— Какое дерево? — губы у курицы прыгали.
— А какое хочешь.
— Здесь? — Цыпа обвела раскрытой ладошкой круг поляны, костер, арлекинов и даже недостроенный термитник.
— На кой ляд оно мне здесь? — скривился Зеленый. — Посажу где-нибудь рядом с людьми. Они к нему будут ходить за советами. Ты же предсказываешь. Вот и твое дерево станет предсказывать. Видела когда-нибудь деревья, на которые навязаны ленточки? Не знаю, как их люди чуют, но чуют как-то. И ходят и ходят…
— Так много мертвых яиц? — осторожно спросил Эд, не для того чтобы обозначить собственный скепсис, — скепсиса как раз и не наблюдалось, — просто уточнить. Случай с Цыпой, как ни крути, уникален. А священные деревья растут по всему континенту. Не много, кто спорит, однако — есть.
— Яйцо не обязательно… можно кусок шкуры, кость. Одна… над мертвым ребенком ревела. Я ее пожалел, забрал трупик и такое дерево из него вырастил, ни одна сволочь под него зайти не может. Если какой подлец сунется — оно ветками захлещет.
— Я слышала… — глаза у Фасольки стали огромные и прозрачные как вода.
— Что ты слышала, дриадка? — Зеленый ей так улыбнулся, что у Сани заскребло внутри: уведет у них девчонку пьяный лешак. Но Солька будто не заметила:
— Голос. Мы рядом проезжали. Шак, помнишь, как я на холм бежала, а ты меня догнал и вернул.
— На том холме, девочка, люди своих покойников как раз хоронили. Сама знаешь, к ним в такой момент соваться никчему. Эд раненый лежал. Как бы я один вас всех защитил?
— Шак, я не в укор. Просто, я услышала, точно, как вчера, будто дерево говорит.
— И мое дитя будет жить? — глаза у Цыпы расширились уже до полной невозможности.
— Других у тебя нет, что ли? — буркнул Зеленый.
— Нет.
— Ну, будет. Если… подружка твоя мне поможет, — кивок в сторону Фасольки и ей же жгучий косой взгляд, от которого у Сани опять кошки на душе заскребли.
— Чем это я должна тебе помочь? — подозрительно зашипела Солька.
— Сама знаешь. Но если не хочешь, не надо. Закопаем болтун прямо тут. Пусть сгниет.
Цыпа прижала кулачки ко рту. Собака задергал верхней губой. Прянул ушами Шак. А Саня подумал, что Зеленому вся их жизнь безразлична, безынтересна, чужда и, что помогает он Цыпе не по тому, что жаль ему вещую птицу, а из-за Фасольки.
А та посмотрела не Зеленого господина через плечо, строптиво мотнула головой, дескать, раз надо, я, так и быть, снизойду; поднялась яркая и красивая до умопомрачения, и уже сверху бросила Повелителю леса как подачку:
— Идем, что расселся?!
Глава 5
— Молочницу!

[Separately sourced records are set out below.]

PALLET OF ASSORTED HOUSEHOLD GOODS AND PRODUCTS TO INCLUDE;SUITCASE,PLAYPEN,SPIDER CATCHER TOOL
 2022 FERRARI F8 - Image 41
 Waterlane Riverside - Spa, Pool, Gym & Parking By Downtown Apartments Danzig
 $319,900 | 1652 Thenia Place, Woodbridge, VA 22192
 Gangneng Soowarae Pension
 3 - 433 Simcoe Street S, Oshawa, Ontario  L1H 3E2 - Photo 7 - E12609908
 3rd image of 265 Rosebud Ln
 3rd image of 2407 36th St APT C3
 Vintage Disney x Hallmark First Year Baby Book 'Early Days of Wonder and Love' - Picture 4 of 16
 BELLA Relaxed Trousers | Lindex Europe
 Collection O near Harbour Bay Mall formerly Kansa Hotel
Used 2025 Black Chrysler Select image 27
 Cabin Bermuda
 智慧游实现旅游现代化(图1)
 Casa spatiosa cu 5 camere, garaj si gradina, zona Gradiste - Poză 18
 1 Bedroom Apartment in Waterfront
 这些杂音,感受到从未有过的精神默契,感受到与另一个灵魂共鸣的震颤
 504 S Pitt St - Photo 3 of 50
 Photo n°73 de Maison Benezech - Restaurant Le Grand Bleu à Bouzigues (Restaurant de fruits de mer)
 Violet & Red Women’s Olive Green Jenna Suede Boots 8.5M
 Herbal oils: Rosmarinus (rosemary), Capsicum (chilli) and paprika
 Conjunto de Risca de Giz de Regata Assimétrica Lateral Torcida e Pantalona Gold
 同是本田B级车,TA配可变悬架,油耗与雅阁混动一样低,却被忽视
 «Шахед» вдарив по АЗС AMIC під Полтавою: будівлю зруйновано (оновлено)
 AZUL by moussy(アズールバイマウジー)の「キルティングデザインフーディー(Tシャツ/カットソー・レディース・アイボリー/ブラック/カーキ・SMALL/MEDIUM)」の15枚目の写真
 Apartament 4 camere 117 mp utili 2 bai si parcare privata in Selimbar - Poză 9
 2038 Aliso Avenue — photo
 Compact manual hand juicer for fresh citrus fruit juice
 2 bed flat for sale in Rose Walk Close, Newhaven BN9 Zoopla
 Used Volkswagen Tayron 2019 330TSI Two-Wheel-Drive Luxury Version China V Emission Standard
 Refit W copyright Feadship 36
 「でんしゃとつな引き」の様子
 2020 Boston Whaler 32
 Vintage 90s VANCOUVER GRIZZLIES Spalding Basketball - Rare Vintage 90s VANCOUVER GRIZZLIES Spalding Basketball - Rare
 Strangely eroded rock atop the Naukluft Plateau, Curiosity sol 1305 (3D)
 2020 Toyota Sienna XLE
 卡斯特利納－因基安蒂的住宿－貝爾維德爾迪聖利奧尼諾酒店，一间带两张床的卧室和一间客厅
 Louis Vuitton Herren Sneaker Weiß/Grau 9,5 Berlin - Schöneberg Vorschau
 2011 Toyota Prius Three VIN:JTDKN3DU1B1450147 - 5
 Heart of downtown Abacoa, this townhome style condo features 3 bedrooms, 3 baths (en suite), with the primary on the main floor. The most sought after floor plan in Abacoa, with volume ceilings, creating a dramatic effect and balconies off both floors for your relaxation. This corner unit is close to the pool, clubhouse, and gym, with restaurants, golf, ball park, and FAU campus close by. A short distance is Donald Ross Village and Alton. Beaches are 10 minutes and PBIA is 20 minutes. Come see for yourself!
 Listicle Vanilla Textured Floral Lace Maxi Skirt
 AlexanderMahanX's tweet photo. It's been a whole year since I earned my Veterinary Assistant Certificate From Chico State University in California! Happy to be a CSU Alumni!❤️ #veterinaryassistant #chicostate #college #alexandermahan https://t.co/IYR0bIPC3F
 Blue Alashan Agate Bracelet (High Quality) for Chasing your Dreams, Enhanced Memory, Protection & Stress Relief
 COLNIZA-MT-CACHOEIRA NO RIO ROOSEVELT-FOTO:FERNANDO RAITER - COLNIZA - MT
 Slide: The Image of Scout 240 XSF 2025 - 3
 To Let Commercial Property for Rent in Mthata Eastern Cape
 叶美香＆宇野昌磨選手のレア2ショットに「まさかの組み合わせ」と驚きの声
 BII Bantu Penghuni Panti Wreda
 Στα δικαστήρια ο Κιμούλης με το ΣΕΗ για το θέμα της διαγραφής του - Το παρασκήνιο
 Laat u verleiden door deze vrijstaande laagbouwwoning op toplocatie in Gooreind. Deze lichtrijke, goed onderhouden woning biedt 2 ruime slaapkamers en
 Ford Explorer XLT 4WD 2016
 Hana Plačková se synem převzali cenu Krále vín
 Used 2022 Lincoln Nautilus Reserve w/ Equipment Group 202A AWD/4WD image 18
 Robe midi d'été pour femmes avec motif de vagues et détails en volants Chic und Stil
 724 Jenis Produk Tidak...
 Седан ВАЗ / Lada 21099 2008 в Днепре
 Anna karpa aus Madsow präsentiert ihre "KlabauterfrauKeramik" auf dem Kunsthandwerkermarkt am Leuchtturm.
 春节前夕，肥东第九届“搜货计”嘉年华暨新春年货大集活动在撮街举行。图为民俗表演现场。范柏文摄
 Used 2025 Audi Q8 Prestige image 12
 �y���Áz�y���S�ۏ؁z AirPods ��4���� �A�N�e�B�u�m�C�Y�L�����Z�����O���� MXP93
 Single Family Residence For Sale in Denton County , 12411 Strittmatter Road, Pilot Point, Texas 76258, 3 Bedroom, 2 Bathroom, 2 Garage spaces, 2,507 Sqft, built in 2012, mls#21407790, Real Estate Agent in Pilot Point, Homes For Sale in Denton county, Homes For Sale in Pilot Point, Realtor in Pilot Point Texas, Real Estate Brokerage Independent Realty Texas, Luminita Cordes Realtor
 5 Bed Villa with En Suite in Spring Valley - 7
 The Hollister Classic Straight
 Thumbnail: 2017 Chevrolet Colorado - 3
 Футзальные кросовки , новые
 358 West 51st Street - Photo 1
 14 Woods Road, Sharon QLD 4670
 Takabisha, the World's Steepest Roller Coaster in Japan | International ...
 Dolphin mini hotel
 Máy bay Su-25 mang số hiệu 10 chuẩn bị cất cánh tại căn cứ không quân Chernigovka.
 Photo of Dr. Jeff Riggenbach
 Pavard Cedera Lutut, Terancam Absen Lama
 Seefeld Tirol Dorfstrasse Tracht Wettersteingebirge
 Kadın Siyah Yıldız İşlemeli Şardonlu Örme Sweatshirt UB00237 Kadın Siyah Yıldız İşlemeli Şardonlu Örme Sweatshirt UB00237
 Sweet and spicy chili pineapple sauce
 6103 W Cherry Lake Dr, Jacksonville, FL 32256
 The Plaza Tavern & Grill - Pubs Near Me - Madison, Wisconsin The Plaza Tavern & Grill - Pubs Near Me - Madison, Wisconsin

Молочницу Герту убили!!! — Крик ворвался в скучный гул провинциального утра, перекрывая кудахтанье, блеянье, звон, стук, шуршанье и бормотанье. На миг стало тихо и тошно. Следом поднялся гомон. А за ним, — пока дошло и накрыло, — женский вой пополам с визгом и хрипом.
— Мать Герты, с рассвета всех дергала: где дочка, — ворчал себе под нос трактирщик, вытирая соседний стол. Игорь и Сун доедали завтрак. Пора было наведаться в замок Мец, но особо они туда не рвались — успеется — ели и беседовали о постороннем, растягивая бездельное утро.
— А-то сама не знает! — громче возмутился трактирщик. — В казармах ищи. Но туда Латина не пойдет. Кнехты народ грубый. Самое малое — пошлют. Могут вообще накостылять. А еще… могут! Ой, могут! Объясняй потом, что не по доброй воле на сеновале оказалась. Курт не поверит. А и поверит, все равно изобьет. Он ее часто бьет. И Герте доставалось.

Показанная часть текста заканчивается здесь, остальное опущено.